Bruits et couleurs de la nuit

Fruit tree by night

C’était l’une de ces chaudes soirées d’été. Sûrement l’une de celles un peu trop arrosées. Jim, 21 ans, cheveux noirs, un grand gaillard assez mystérieux était en train de rentrer chez lui. Il devait être minuit. Ou peut-être une heure. Ou bien deux…

Dans son esprit vacillait encore ces lumières de la ville, endiablées. Du rouge, du jaune, des couleurs chaudes, des tâches, des traits… des traits verts, puis bleus… des ombres, grandes, gigantesques et sombres dansant le long des murs… mais il ne savait même plus vraiment à quoi elles ressemblaient… par moment, il avait des flashs dans sa tête, des fractions de seconde, mais un instant plus tard, tout avait disparu !

Il s’était assis sur le banc de l’arrêt de bus. Il était seul. À cet endroit de la ville, c’était calme. Et pourtant dans sa tête, c’était une véritable cacophonie, un vacarme assourdissant ! Des sons sourds… de temps à autre, une note stridente, des bruits de cris, et… c’était insupportable !

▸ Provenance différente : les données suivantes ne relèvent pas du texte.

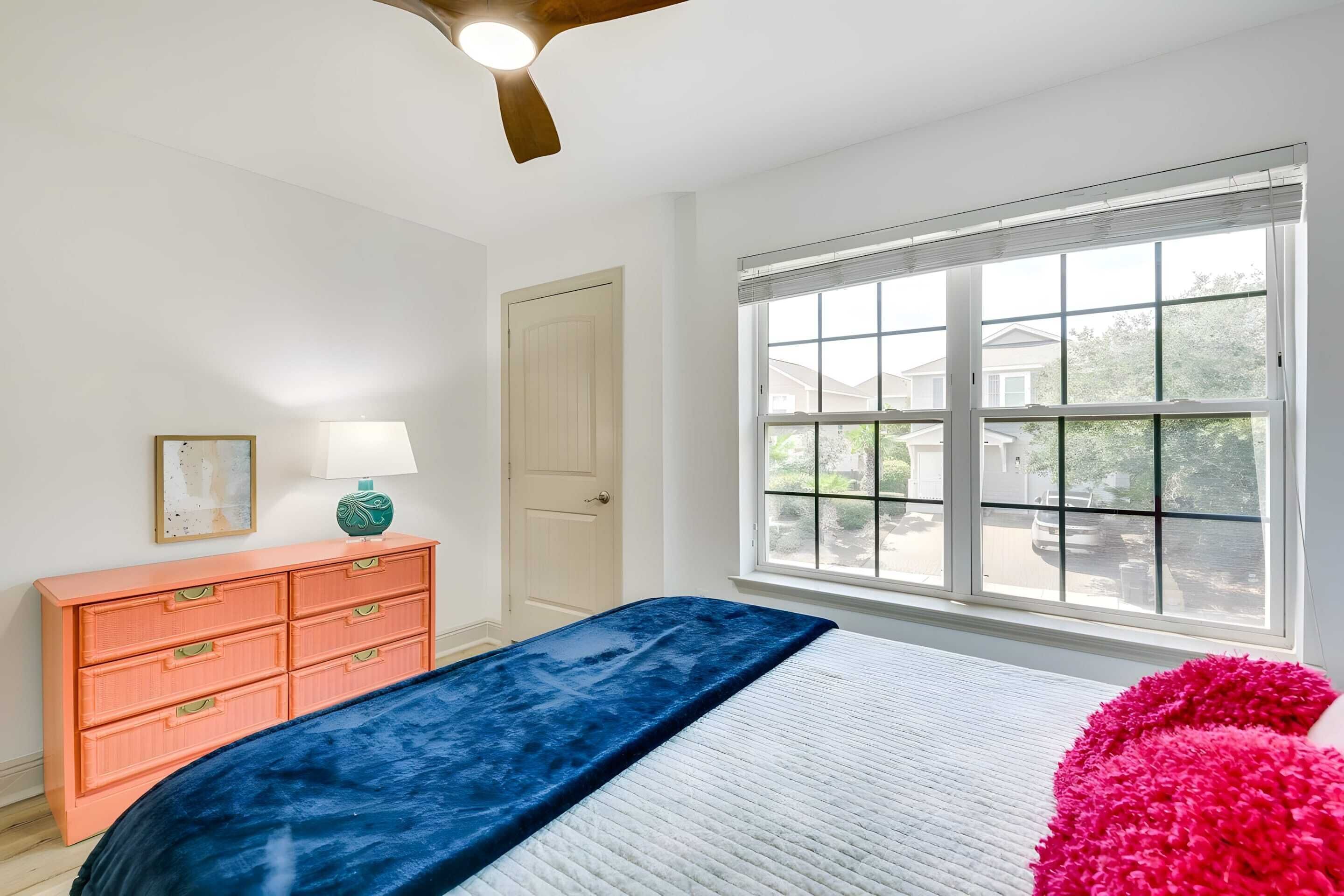 Une chambre à coucher avec un lit, une commode, une fenêtre et un ventilateur de plafond.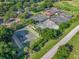 Overhead shot of community tennis courts surrounded by lush landscaping and mature trees with a golf course in the background at 39653 Grove Hts, Lady Lake, FL 32159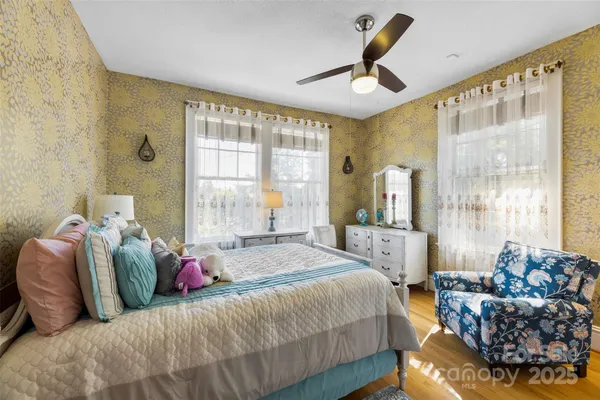 a bedroom with a bed couch and window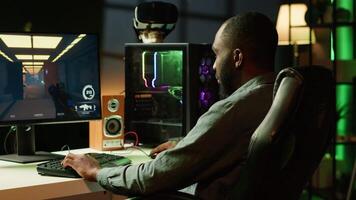 Smiling man playing games on gaming PC at computer desk, enjoying day off from work. Upbeat gamer battling enemies in online multiplayer shooter from neon lights ornate home, camera A video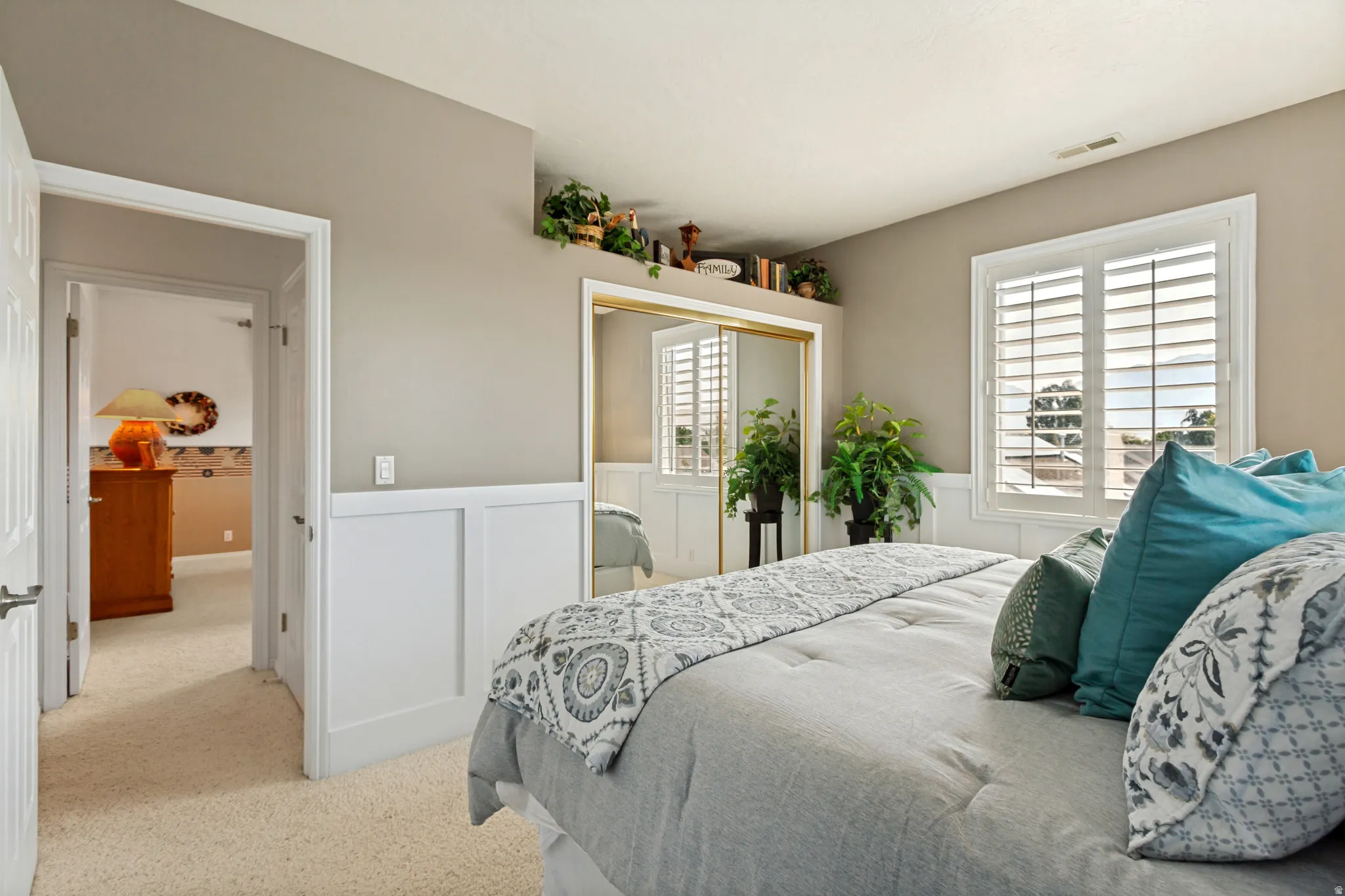 Carpeted room featuring white wainscoting, a gold-framed mirrored closet, and a window with white plantation shutters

Il prit sa tête entre ses mains pour essayer de se concentrer, de tenter d’oublier ce coup de massue à l’arrière de son crâne, mais à ce moment, le bus arriva. Il était vide. Jim rentra dedans. Il demanda au conducteur, dans un dernier souffle, de s’arrêter à l’arrêt Les Prés. Le chauffeur passa sa main devant son nez, comme si l’haleine alcoolisée de Jim le dérangeait, et acquiesça. Jim s’assit dans le fond. Puis… rien… noir… puis… une voix grave : « Monsieur ! On est aux Prés. »

Il cligna des yeux, à plusieurs reprises, tentant de sortir de cet état de somnolence, de reprendre ses esprits. « Oh… oui… le bus… » Sa bouche était pâteuse. Il avait soif. Il se leva. « Merci ! » Et descendit du bus. L’arrêt était à deux minutes à pied de sa maison.

Arrivé devant sa porte, il enfonça sa clef dans la serrure. Enfin chez lui ! Il enleva sa veste et la jeta sur le canapé, puis il commença à monter l’escalier pour se rendre dans sa chambre. Il n’avait qu’une envie : dormir. L’état d’engourdissement de ces membres était un peu plus présent à chaque instant. Désormais, il sentait à peine ses pieds et ses mains…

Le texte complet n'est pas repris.